There was finally enough grapes to warrant using the mechanical press – the previous small batches of grapes had been stamped by foot (such fun) earlier, from what I can tell to get the fermentation going and adding to the larger batches later.

Starting to load the press.

The press is a large rotating drum, half of which has inside a material layer (seen on the far side of the inside of the drum above) that presses the grapes using compressed air. Pre-programmed, it takes about two hours for it to go through its full cycle of rotating, pressurising, de-pressurising and so forth. There was plenty of lifting of boxes of fresh grapes in and then plenty of cleaning to done afterwards. Although it’s all inside work, I find it much more interesting than harvesting grapes and cleaning out the bad ones from the bunches.

Shovelling out the remaining skins and stalks after the pressed juice has all been pumped to a vat. All this goes to make grappa somewhere.

Slowly it leaked out that I intended to leave the next day – I’d tried to keep it quiet in case I changed my mind again. I didn’t change my mind, but after getting everything ready to go (again) I had to wait quite a while for some of the other volunteers to get back from an early shopping trip to Aosta. It was another big harvest day, so there were grapes to be picked while I waited. In good time the others arrived back – although most of them got a little lost getting to the vineyard, so I didn’t actually see them: that was a waste of ninety minutes of potential riding. So I said goodbye to most of my new friends and a small part of the world I’ve come to love in less than two weeks and rode off down to the valley floor for a couple of months of exploring Italy alone.
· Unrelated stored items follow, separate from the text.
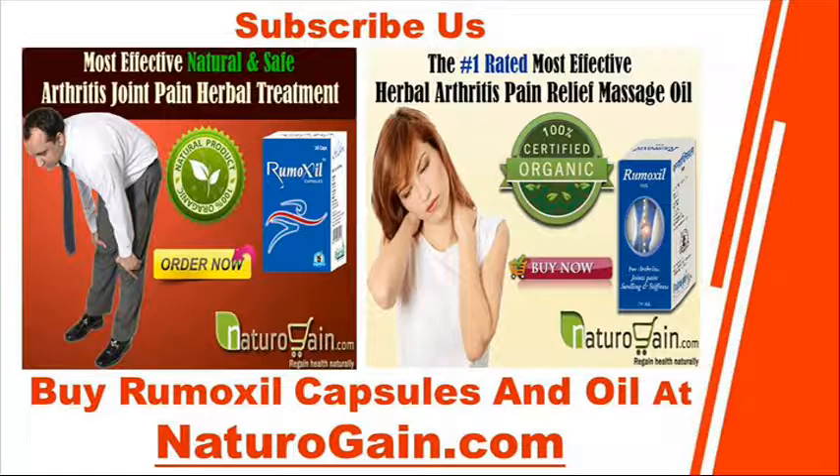So, regardless of whether you have the question how to get rid of joint inflammation or how to get rid of joint pain, you can rely on Rumoxyl oil and capsules to get the right answer. Buy Rumoxyl capsules and oil at naturogain.com.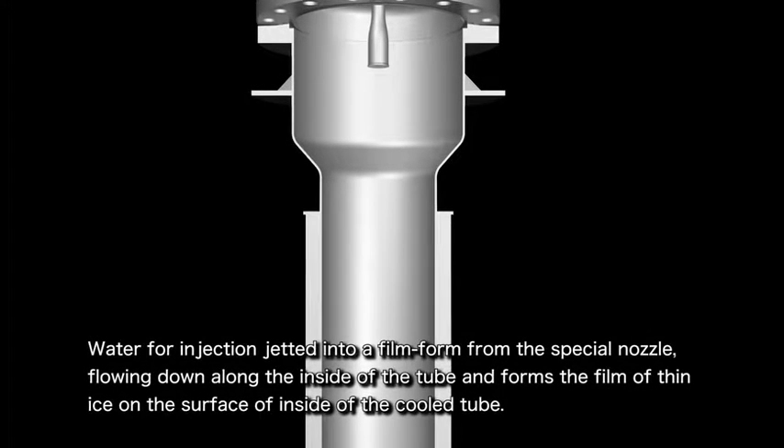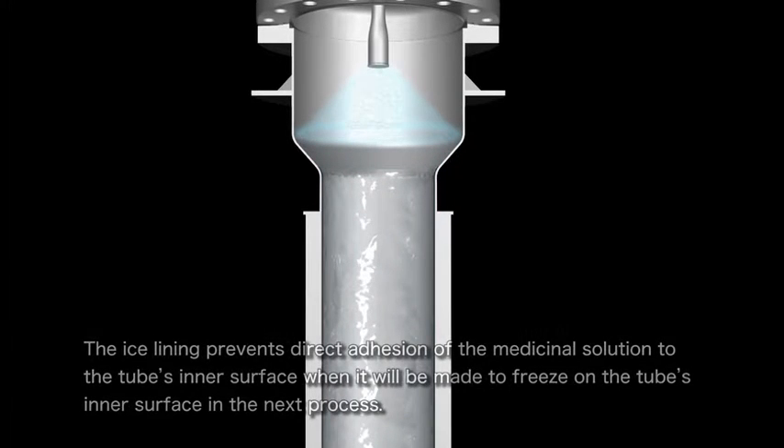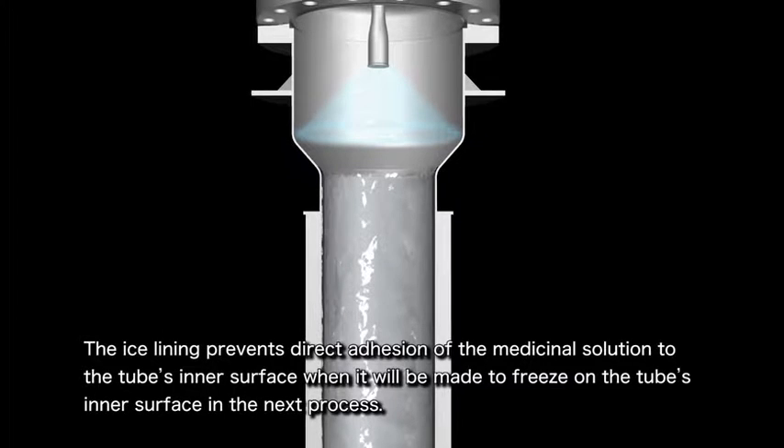Let's look at this enlarged image and take a closer look at the tube. After having been sent through a special nozzle in a manner to form a thin film, the liquid for injection will run down along the tube's inner surface. It eventually forms a thin ice film on the cooled surface inside the tube. The ice lining prevents direct adhesion of the medicinal solution to the tube's inner surface.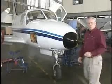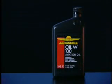All turbocharged engines must be broken in and operated using ashless dispersant oil only, like AeroShell W100. Your new engine oil, whether mineral or ashless dispersant, should be changed after the first five hours of operation.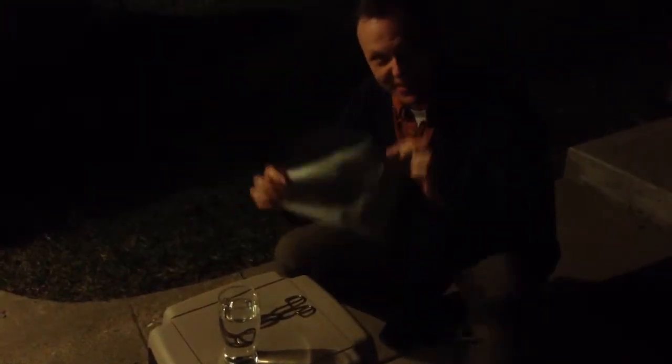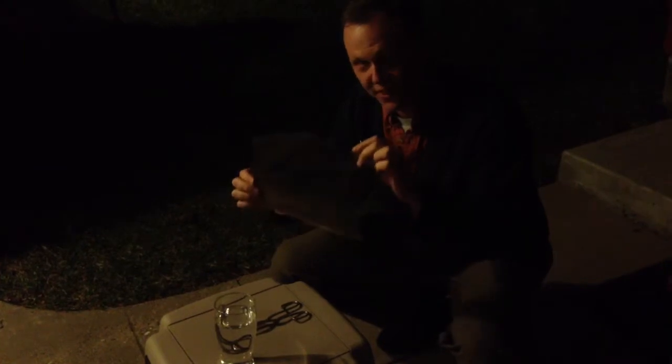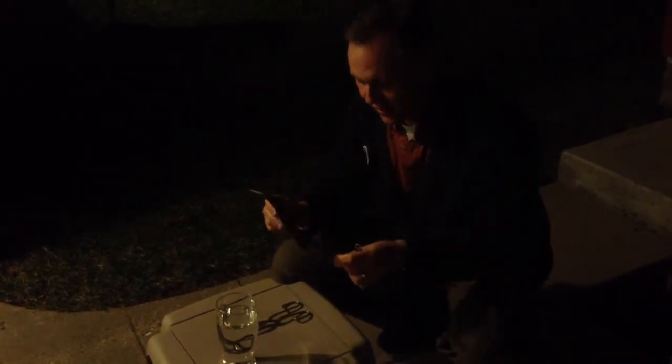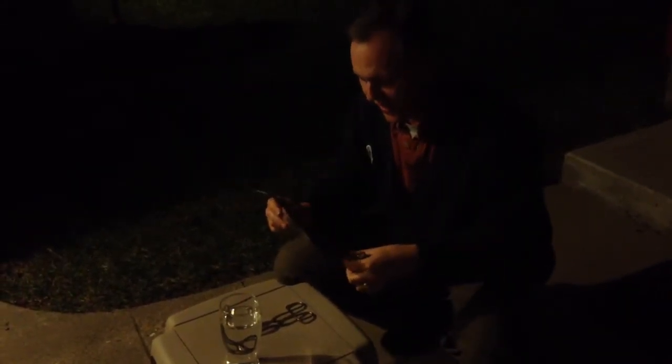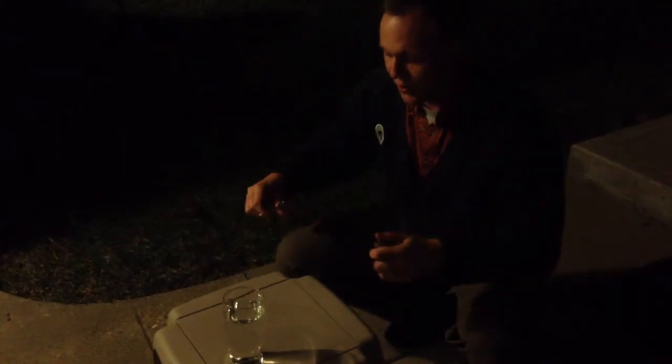So they say that this nitrate film here — this cellulose nitrate film, this is like a 6 inch by 9 inch negative that I've cut a couple strips off from — they say this nitrate film is really flammable. I've already done this once, so we know, yeah, it's pretty flammable.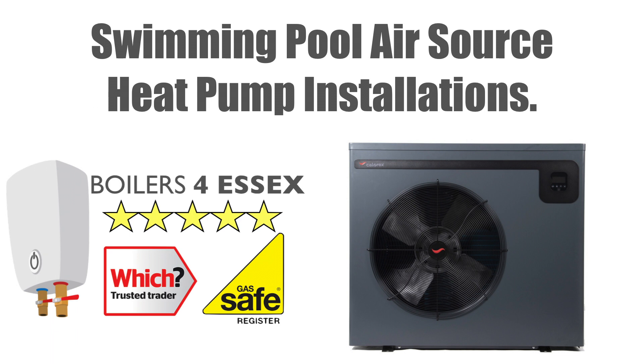Hello there, it's James from Boilers for Essex. I just want to talk to you today about the use of an air source heat pump to heat your swimming pool, and also to show you some of the work that we've been doing.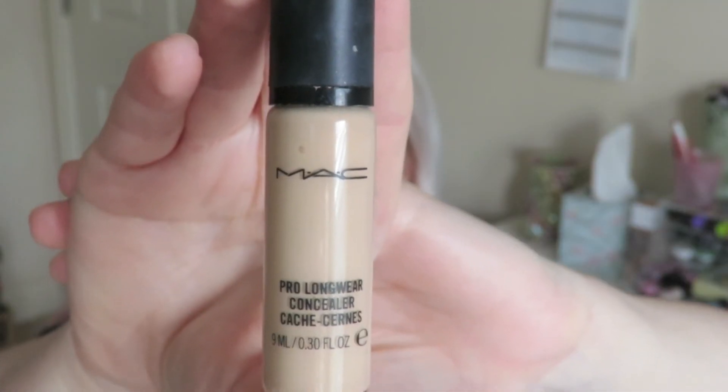For concealer as always I'll be using my MAC Pro Longwear Concealer. I'm just taking that under my eyes and I'm going to apply that to any blemishes on the face as well. My skin is pretty clear so there's only a couple on my face at the moment. And then I'm going to blend that out with a beauty blender as well.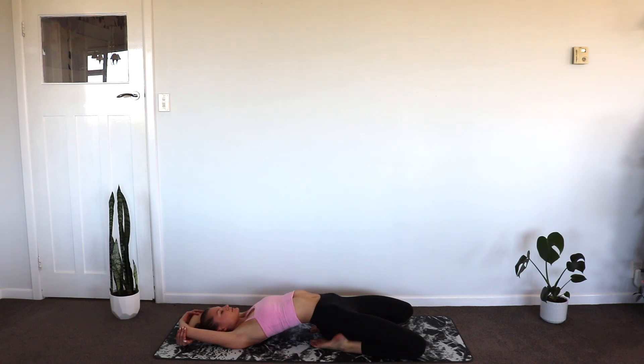Take a moment here to focus on your breathing. Inhale through the nose, hold it for 3 seconds and exhale through the mouth. Slow your breathing, calm the mind and be present. Appreciate your body and thank it for taking you through this yoga practice.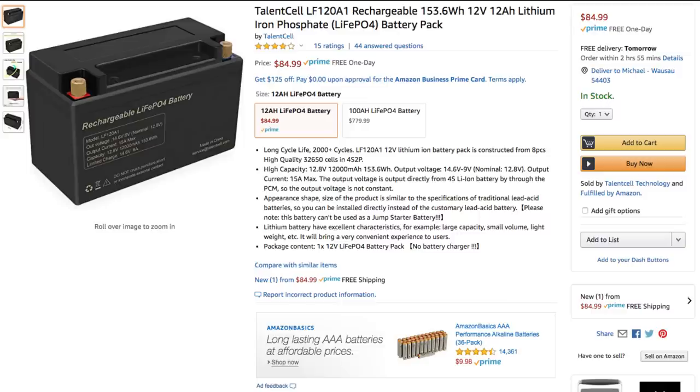With a retail price of around $84 when I purchased it, I was really pleased with this value.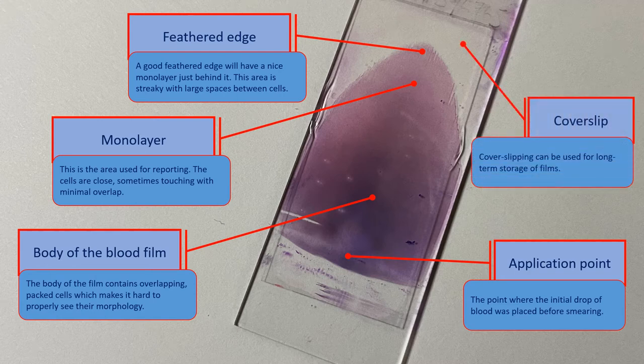As can be seen, this particular blood film is cover slipped. However, the cover slip doesn't cover the entirety of the blood film, and some of the stained parts are outside the covered area.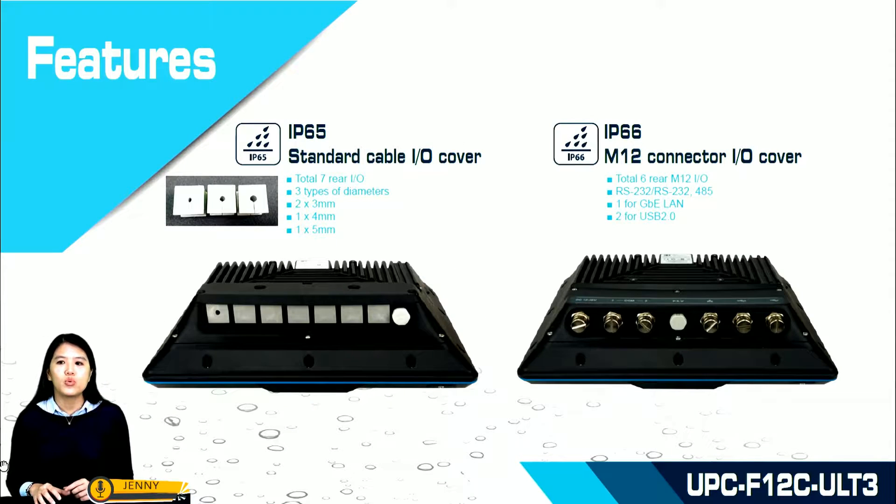What is the difference between the IP65 and IP66 I/O interfaces within UPC? For IP65, it has standard cable I/O covers — seven rear I/Os in total. We supply waterproof plugs in three types of diameters with cable holes: 3 mm, 4 mm, and 5 mm for customer use.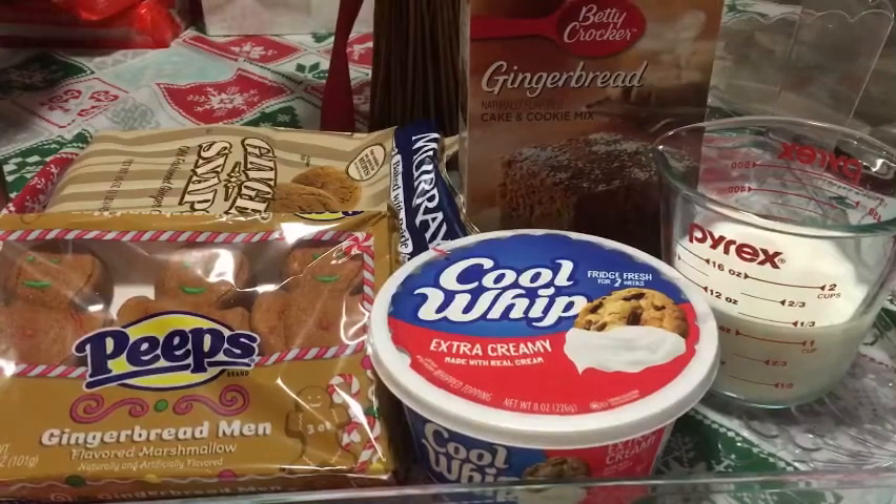Good morning my confectionaries, and happy Christmas Eve! Today we're gonna be making gingerbread trifle, and here's the recipe.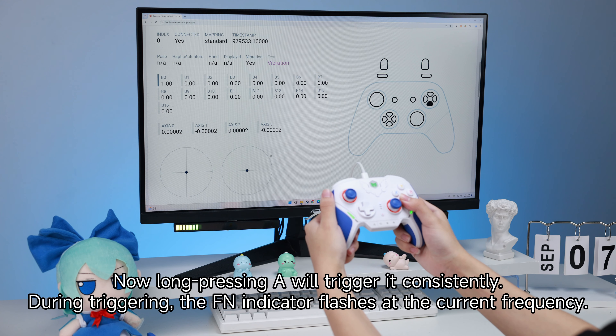Now, long pressing a button will trigger it consistently. During triggering, the fan indicator flashes at the current frequency.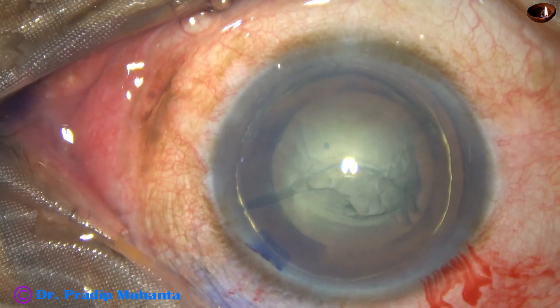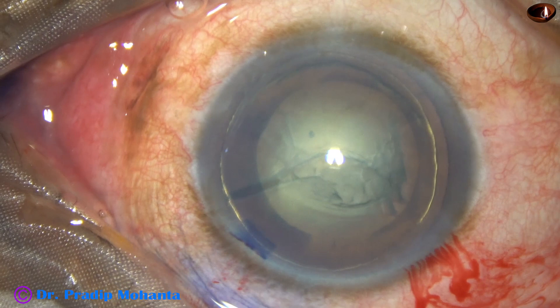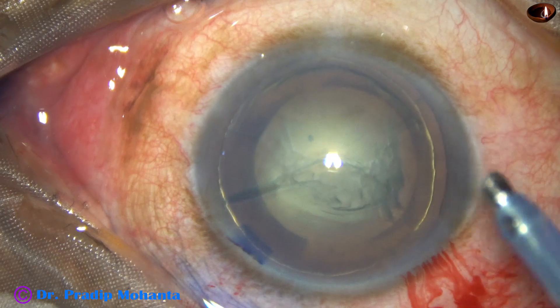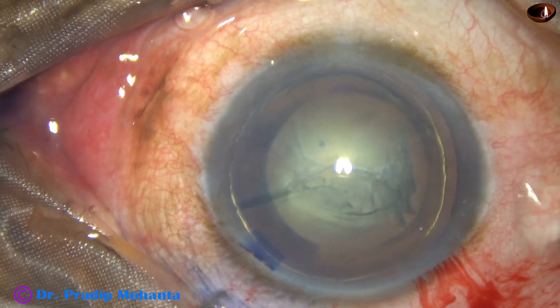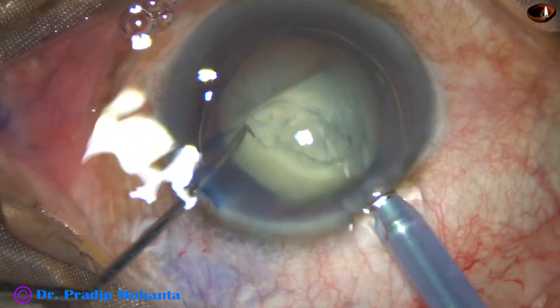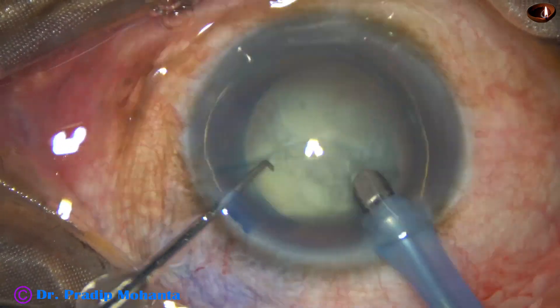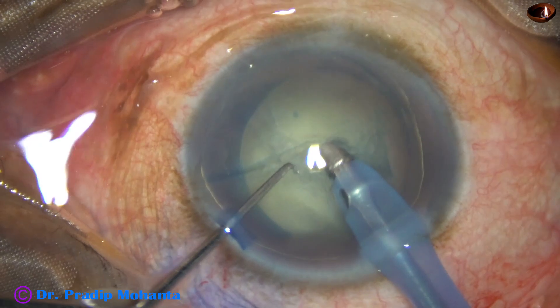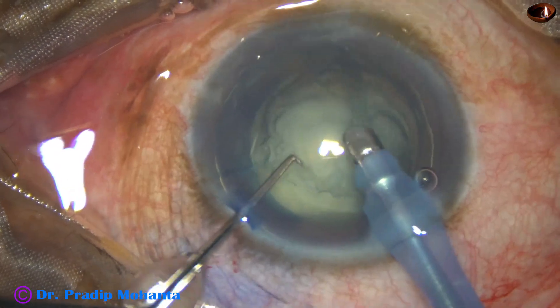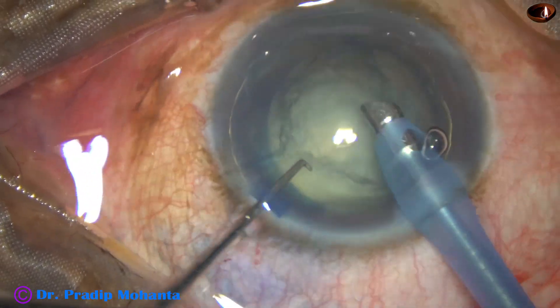The phaco handpiece is used to manage the nucleus. The idea is to remove the nucleus, and if posterior capsule rupture occurs, it should occur at the last moment. No nuclear piece should drop into the vitreous cavity.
A problem with such a relatively narrow valley being such an important transportation link is that you can’t really get far from it all – the highway, the autostrada or the railway. Even though, for the first twenty-odd kilometres I managed to be on a cycle trail to Saint Vincent. Such valleys also tend to funnel wind – even when I turned south I was still pressing on into a headwind. With no other option as the valley narrowed, I joined the highway to climb from the floor over an escarpment. It was a little odd eating lunch alone in peace and with only a small amount of food in Verres.

Going from such friendship, companionship and having some sort of purpose in my day’s work to the prospect of two months of solo-travelling was beginning to weigh on my mind as I set forth for the afternoon, mostly off road through fields near the river.

As the valley narrowed again, I was on the highway for a while. I came across Forte di Bard – there has been a fort here since the fifth century, except for a brief period of time in the early 1800s after Napoleon had it destroyed. He was understandably a little less than impressed that this fort and only four-hundred soldiers should stall his 40000-man army from progressing to a surprise attack further down out of the valley.

The vineyards seem to get steeper and steeper as they clung to the side of the valley.

In time, the valley opened up a little and I started to see a feasible route to escape to the east over hills, not mountains, and stop heading towards Turin alongside the autostrada. Of course, as I climbed out of the valley with the sun beating on my back I lost the wind. To my disbelief, on what was such a quiet road, I came across a sign telling me that bikes were forbidden. Around the corner I found a big unlit tunnel – I debated for some time whether I should just turn my lights on and ride through it, turn around and go back to the valley floor and skirt the bottom of the hills or retreat a little and take the other road up and over the hills. I, for some reason, chose the hardest option – up and over. As I slowly went up what is apparently a Catergory Two climb, I don’t believe it although parts were 17%, things were starting to get a bit lonely again. When I reached the hill-top town of Andrate, I stopped and stared at this lovely view for quite some time, contemplating how many more wonderful things I’d see on this trip and not have anyone to share it with at the time.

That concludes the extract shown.